The challenge is to analyze a comprehensive dataset of over 230,000 gun violence incidents from 2013 to 2018 to classify incidents into three severity categories: low, medium, and high. High severity is defined by mass shootings (three or more killings), medium severity involves one to two deaths, and low severity has no fatalities. The objective is to identify key factors that contribute to incident severity and to explore how to effectively predict these outcomes.
The approach involves several steps:
- Data Preparation: The dataset was cleaned and simplified, removing non-relevant variables and retaining 12 predictors related to incident characteristics, such as geography, participant demographics, and gun-related factors.

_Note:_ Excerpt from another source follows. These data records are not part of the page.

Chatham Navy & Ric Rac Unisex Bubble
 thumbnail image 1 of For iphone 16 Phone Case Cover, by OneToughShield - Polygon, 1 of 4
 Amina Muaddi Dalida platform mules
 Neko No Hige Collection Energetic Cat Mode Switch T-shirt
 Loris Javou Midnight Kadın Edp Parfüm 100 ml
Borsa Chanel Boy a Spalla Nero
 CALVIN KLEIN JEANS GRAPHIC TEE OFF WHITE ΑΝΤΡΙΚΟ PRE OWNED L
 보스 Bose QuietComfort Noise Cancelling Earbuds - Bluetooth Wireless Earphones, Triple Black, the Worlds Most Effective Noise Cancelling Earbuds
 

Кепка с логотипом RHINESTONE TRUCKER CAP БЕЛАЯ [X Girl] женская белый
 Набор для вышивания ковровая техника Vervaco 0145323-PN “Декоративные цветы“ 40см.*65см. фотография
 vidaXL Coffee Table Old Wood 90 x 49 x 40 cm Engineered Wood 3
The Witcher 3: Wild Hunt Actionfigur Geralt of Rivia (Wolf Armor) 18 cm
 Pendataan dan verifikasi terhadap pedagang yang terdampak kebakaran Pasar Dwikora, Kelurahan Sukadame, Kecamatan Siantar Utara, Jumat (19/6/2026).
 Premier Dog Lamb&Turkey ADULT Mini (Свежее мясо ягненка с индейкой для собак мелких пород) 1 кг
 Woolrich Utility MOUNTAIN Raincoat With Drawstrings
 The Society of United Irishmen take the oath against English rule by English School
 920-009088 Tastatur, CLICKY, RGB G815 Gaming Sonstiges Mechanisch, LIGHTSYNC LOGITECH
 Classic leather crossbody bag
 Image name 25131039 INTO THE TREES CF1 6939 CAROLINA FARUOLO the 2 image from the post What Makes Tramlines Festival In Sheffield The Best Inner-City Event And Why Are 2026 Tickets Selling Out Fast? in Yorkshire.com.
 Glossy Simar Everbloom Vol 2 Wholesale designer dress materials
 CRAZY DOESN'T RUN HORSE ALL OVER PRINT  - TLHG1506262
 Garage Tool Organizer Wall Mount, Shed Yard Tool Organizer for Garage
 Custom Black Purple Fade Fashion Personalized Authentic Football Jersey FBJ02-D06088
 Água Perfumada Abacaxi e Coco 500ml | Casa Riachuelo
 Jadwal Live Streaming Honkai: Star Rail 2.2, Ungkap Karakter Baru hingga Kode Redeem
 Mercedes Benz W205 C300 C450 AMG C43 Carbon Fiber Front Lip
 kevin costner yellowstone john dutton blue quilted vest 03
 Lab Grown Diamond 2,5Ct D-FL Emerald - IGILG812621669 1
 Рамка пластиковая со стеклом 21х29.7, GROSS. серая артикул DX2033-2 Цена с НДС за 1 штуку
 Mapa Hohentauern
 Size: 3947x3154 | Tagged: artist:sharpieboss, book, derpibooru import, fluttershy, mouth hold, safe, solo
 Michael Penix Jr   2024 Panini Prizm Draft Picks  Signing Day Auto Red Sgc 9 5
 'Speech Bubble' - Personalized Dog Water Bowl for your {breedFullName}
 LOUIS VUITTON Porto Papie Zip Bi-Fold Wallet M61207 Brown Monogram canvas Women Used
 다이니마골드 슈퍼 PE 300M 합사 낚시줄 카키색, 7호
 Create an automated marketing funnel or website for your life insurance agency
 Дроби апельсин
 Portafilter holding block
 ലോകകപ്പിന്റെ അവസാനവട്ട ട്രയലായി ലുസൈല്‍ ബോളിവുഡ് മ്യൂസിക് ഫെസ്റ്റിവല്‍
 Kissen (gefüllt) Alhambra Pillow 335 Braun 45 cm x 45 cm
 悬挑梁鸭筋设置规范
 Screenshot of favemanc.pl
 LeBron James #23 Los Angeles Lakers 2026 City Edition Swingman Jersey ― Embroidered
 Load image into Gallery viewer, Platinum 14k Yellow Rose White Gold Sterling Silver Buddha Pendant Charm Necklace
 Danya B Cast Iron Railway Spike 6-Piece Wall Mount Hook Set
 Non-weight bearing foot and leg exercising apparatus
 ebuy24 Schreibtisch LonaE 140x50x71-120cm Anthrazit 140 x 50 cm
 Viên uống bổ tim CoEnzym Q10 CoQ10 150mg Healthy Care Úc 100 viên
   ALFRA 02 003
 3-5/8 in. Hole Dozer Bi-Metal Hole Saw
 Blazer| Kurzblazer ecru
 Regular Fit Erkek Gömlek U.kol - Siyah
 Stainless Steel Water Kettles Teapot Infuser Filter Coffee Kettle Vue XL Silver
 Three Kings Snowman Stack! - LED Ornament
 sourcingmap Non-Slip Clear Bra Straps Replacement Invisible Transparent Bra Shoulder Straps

- Model Selection: Three predictive modeling techniques were employed:
- Random Forest: Used for hyperparameter tuning and to assess variable importance while minimizing overfitting.
- Quadratic Discriminant Analysis (QDA): Chosen for its suitability for multi-category outcomes, helping to classify incident severity effectively.
- Classification Tree: Provides a visual representation of decision rules, enhancing interpretability and understanding of how different variables impact severity classification.
- Analysis of Results: The performance of the models was evaluated, with Random Forest yielding a 24.26% error rate, indicating reasonable predictive accuracy. Key predictors influencing severity were identified, including the number of injured individuals and participant relationships.
The findings indicate that:
- The QDA model offers significant insights into predicting gun violence incident severity, showing that prior relationships among participants significantly influence outcomes.
- The Random Forest model's variable importance analysis revealed that certain features (like the number of injured) play crucial roles in classification.
- The classification tree allowed for intuitive interpretations of how different factors correlate with severity levels.
- The results suggest that high-severity incidents are more likely when individuals involved know each other, emphasizing the need for targeted educational programs to recognize warning signs.
Overall, the analysis provides a framework for understanding the dynamics of gun violence incidents and suggests actionable insights for policymakers aiming to mitigate the impact of gun violence. However, the study acknowledges limitations, including potential biases in historical data and the need for further refinement of the models used.